Vamos a adentrarnos ahora, pues, en lo peor del anonimato (o de su equivalente el seudonimato opaco: el utilizado masivamente para agredir, para acosar, para abusar de alguien, para engañar a un menor de edad.
El seudonimato opaco (es decir, el modo de anonimato más general en las redes) constituye en sí mismo un embuste. Quien se expresa mediante una cuenta de nombre falso comienza por mentir acerca de su propia identidad; lo que a menudo no impide que a partir de ahí intente exigir la justicia universal.
No hay millones de anónimos ni de seudónimos en el mundo analógico, en los anonimatos de papel. Pero millones de perfiles de cualquier red se muestran con nombres inventados para la ocasión, bien se trate de seudónimos o bien de suplantaciones, o de robots movidos por programadores a sueldo de la manipulación. Son nombres fantasmagóricos que avanzan cada día en la oscuridad.

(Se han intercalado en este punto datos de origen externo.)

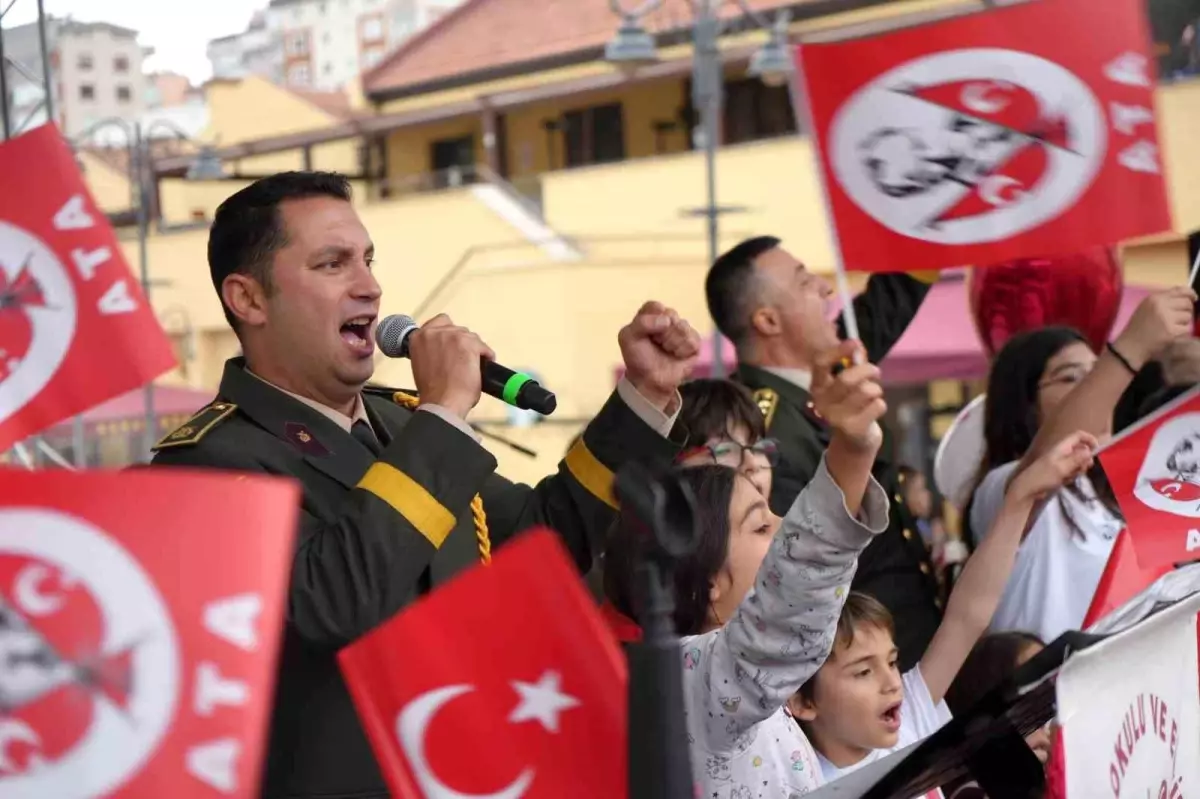Samsun'da Askeri Bando Sefo'nun Şarkısını Seslendirdi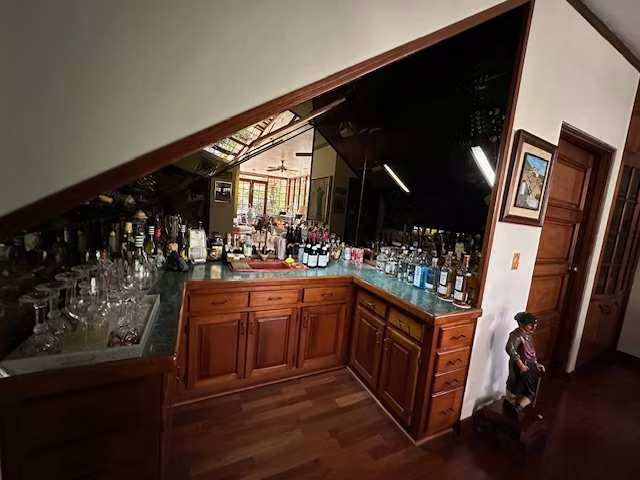 La Alameda, hermosa residencia con muchas mejoras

Así, los lanzadores de piedras y proyectiles quedan ocultos. Su dirección IP (Internet Protocole, la matrícula de cada ordenador) solamente la ve el prestador del servicio, nunca los demás usuarios; y, por si fuera poco, se considera un dato personal que no puede mostrarse sin consentimiento. Eso imposibilita en la práctica saber con rapidez a qué computadora corresponde un determinado perfil cuando lo pide un juez, sobre todo si la cuenta ha desaparecido por la huida del perpetrador, que la canceló o cambió. Las burocracias del mundo analógico delatan su anacronía ante la urgencia en el mundo digital, porque las cuentas delictivas se pueden abrir y cerrar en cuestión de minutos, lo que contrasta con la lenta maquinaria judicial que persigue clausurarlas cuando se comete delito. Tortugas analógicas contra liebres digitales.